> [COLLECTED MATERIAL]:
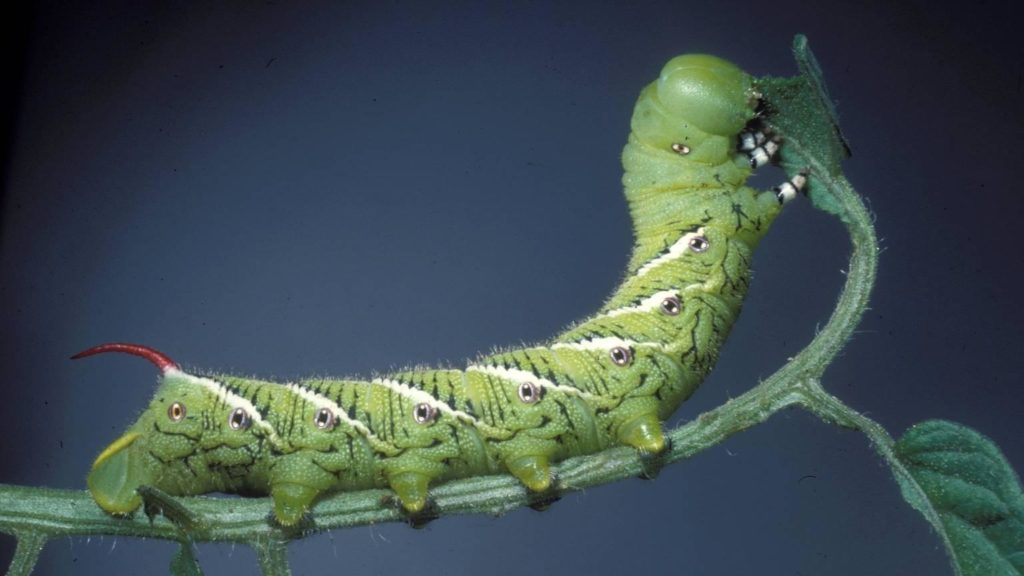 Photo of Tomato Hornworm eating a leaf.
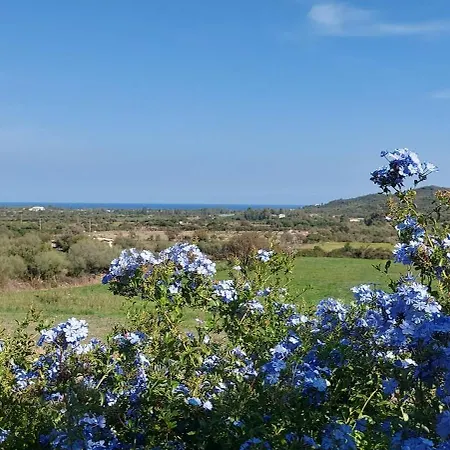 La Casa Di Eve Σπίτι διακοπών Budoni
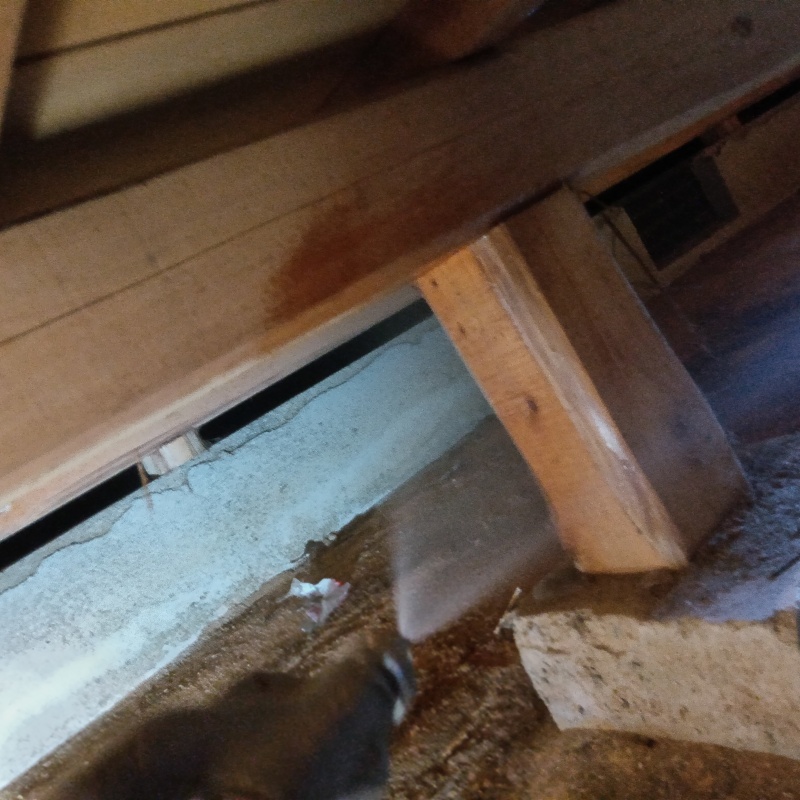 束柱にシロアリ駆除剤を散布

> [WHAT TO DO]: Your task is to reproduce exactly the lines from the one with "La Casa Di Eve Σπίτι διακοπών Budoni" to the end of the material, both included, with the pictures left out.

> [RESPONSE BELOW]:
 La Casa Di Eve Σπίτι διακοπών Budoni
 束柱にシロアリ駆除剤を散布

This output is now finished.